═══ Task material

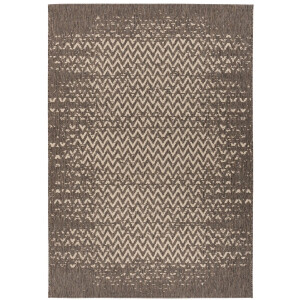 Padiro buitenkleed 80 x 150 cm - bruin / crème - modern abstract design - geschikt voor vloerverwarming - van polypropyleen
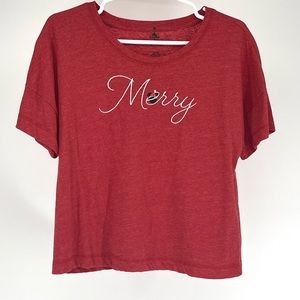 DISNEY PARKS NEW MERRY CHRISTMAS RED T-SHIRT XS MINNIE MOUSE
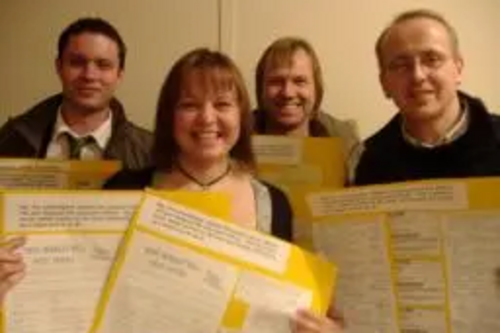 The Liberal Democrat team with their petition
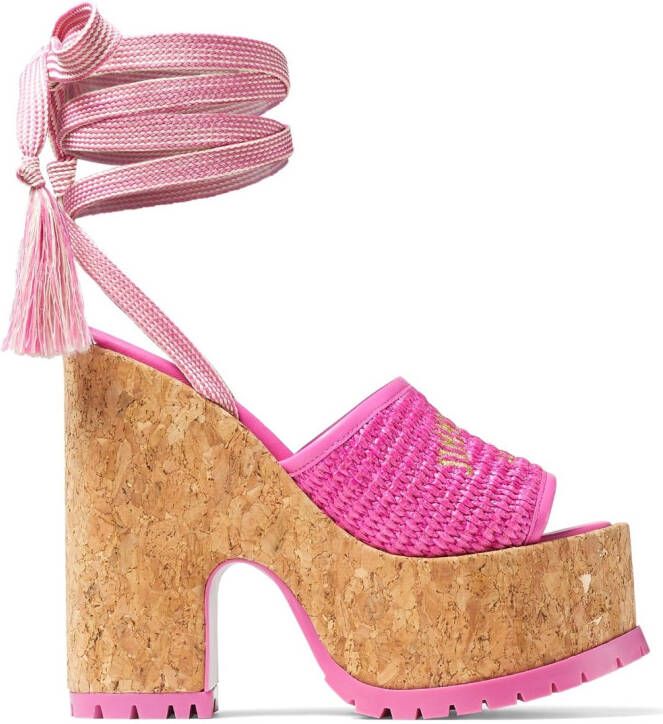 Jimmy Choo Gal 130mm wedge sandals Pink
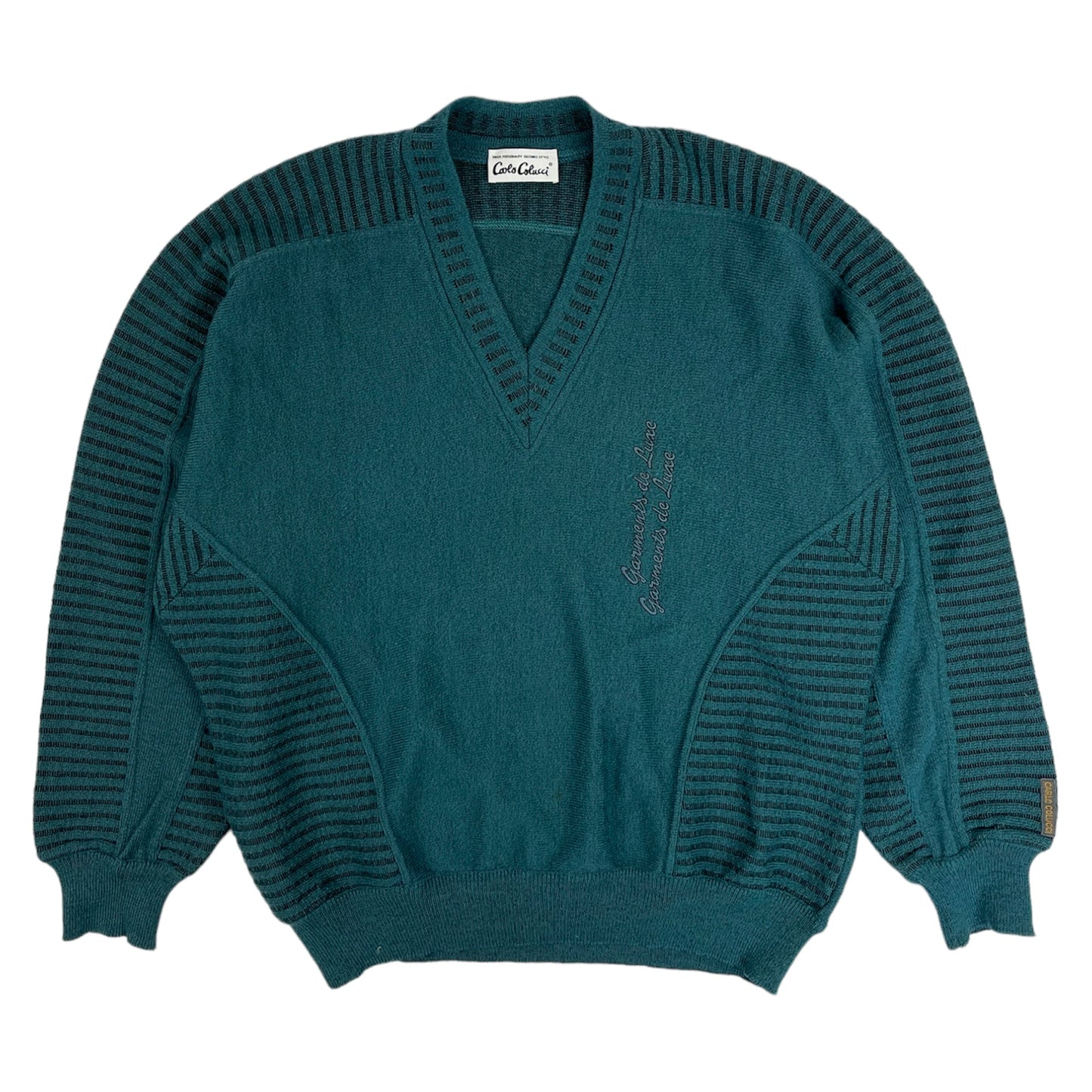 Carlo Colucci Strickpullover bestickt (L)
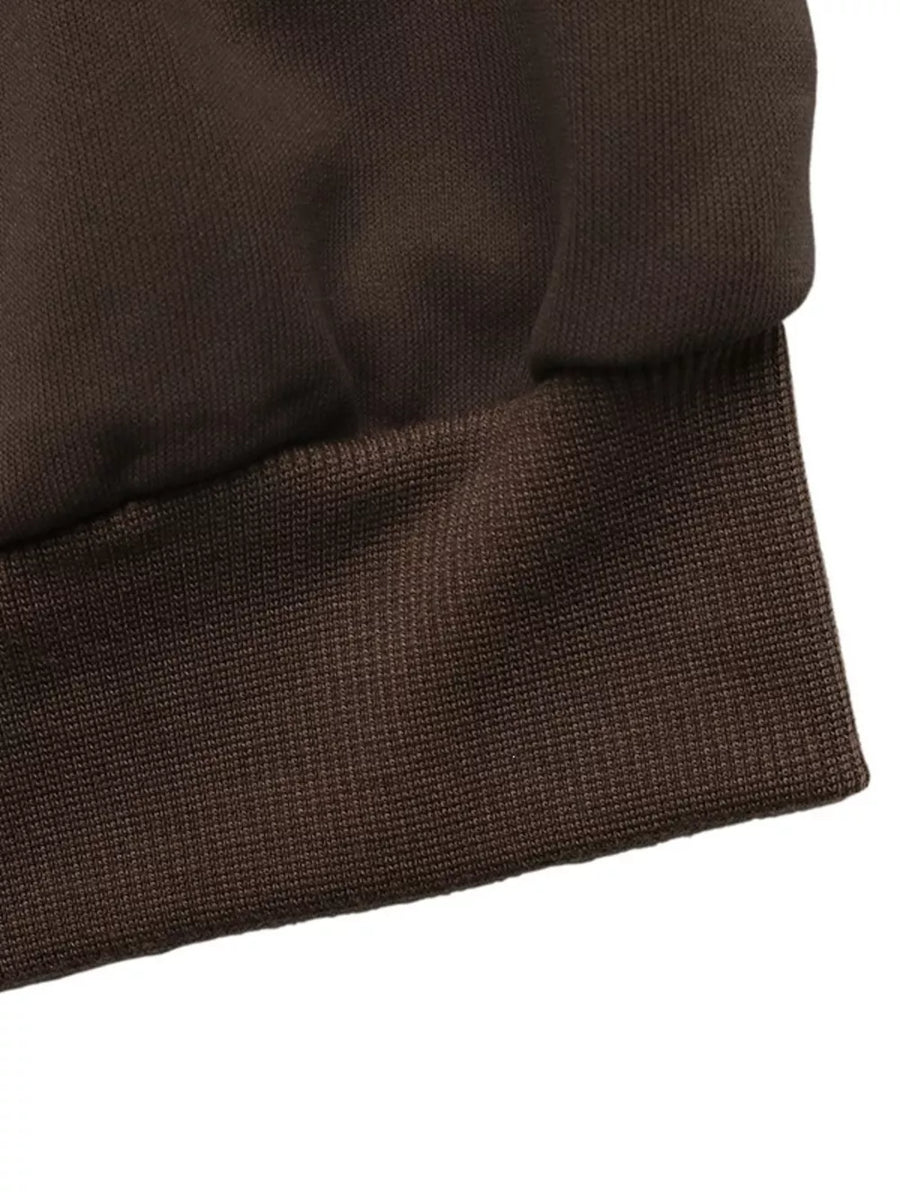 brown relaxed sweatshirt with collared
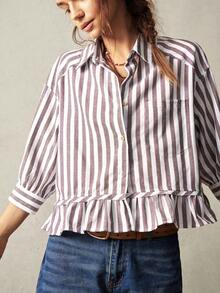 Camisa de rayas tejida para mujer con cuello, manga 3/4 con volantes y corte holgado, ideal para vacaciones - Marrón - Ver 2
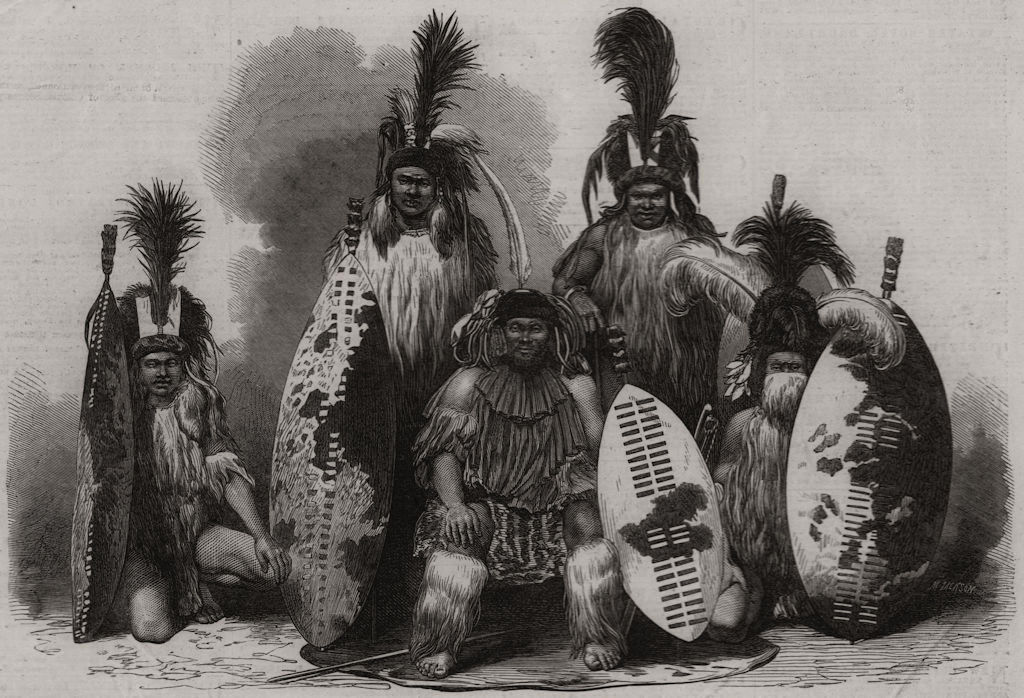 Associate Product Zulu Negroes of Natal, South Africa, antique print, 1865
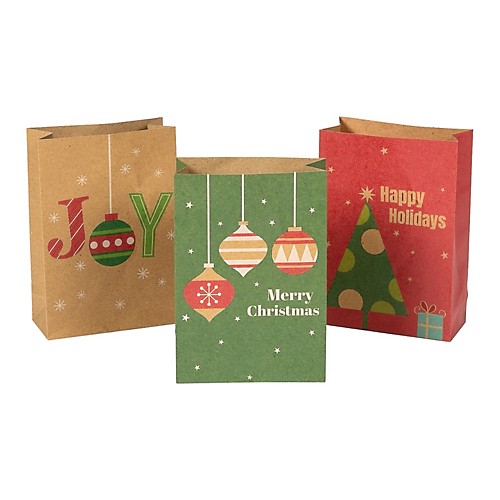 100 5" x 7" Christmas Xmas Winter Snowman Design Sweet Food Gift Paper Bags 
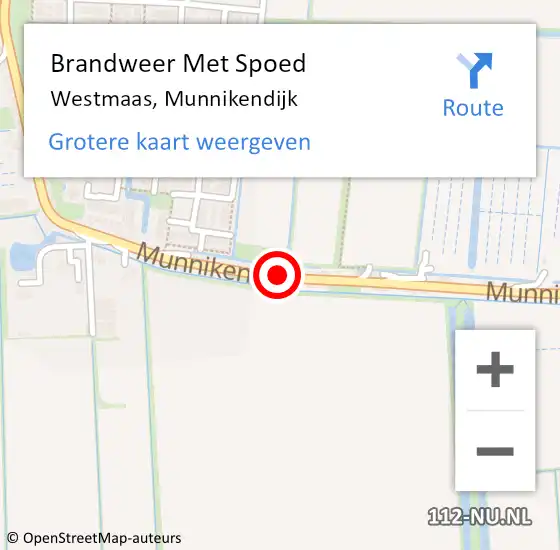 Locatie op kaart van de 112 melding: Brandweer Met Spoed Naar Westmaas, Munnikendijk op 25 december 2013 09:00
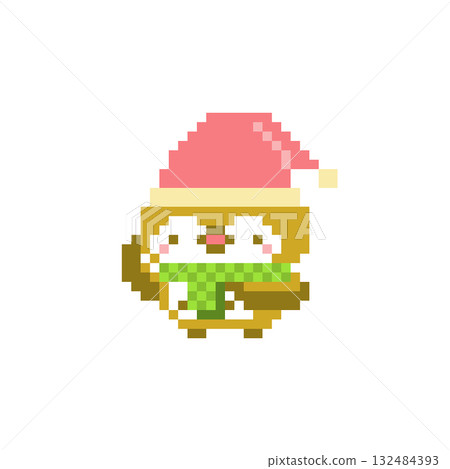 聖誕老人貓頭鷹舉起手的像素藝術 132484393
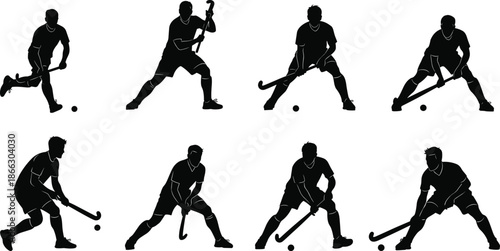 Field hockey player silhouette set, professional male athletes playing with sticks and balls, sports action poses collection, isolated black shapes on white background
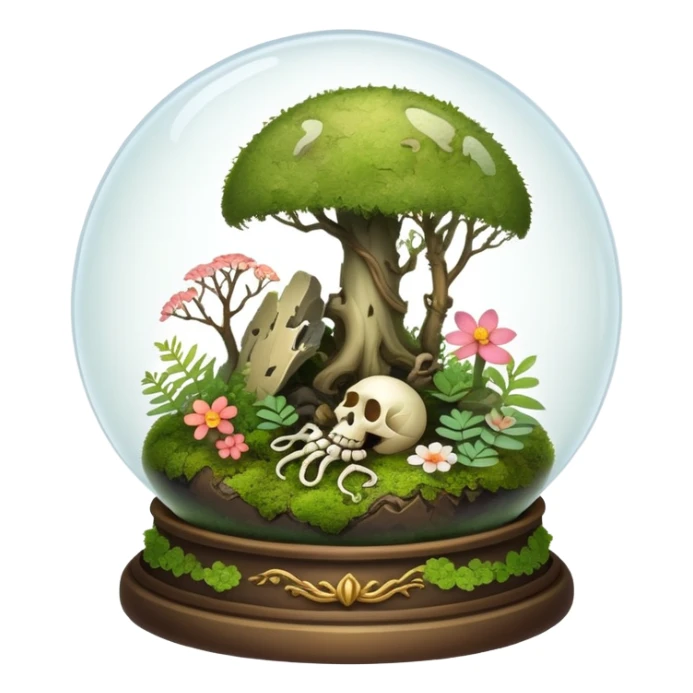 Mystical woodland glass-dome-terrarium-globe with moss inside, with bones inside, and flowers inside  sticker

══════

[Brief]
Please write out exactly, and only, the lines from the beginning of the entries through the line containing "Carlo Colucci Strickpullover bestickt (L)", including both and skipping all pictures.

[Output of the task]
 Padiro buitenkleed 80 x 150 cm - bruin / crème - modern abstract design - geschikt voor vloerverwarming - van polypropyleen
 DISNEY PARKS NEW MERRY CHRISTMAS RED T-SHIRT XS MINNIE MOUSE
 The Liberal Democrat team with their petition
 Jimmy Choo Gal 130mm wedge sandals Pink
 Carlo Colucci Strickpullover bestickt (L)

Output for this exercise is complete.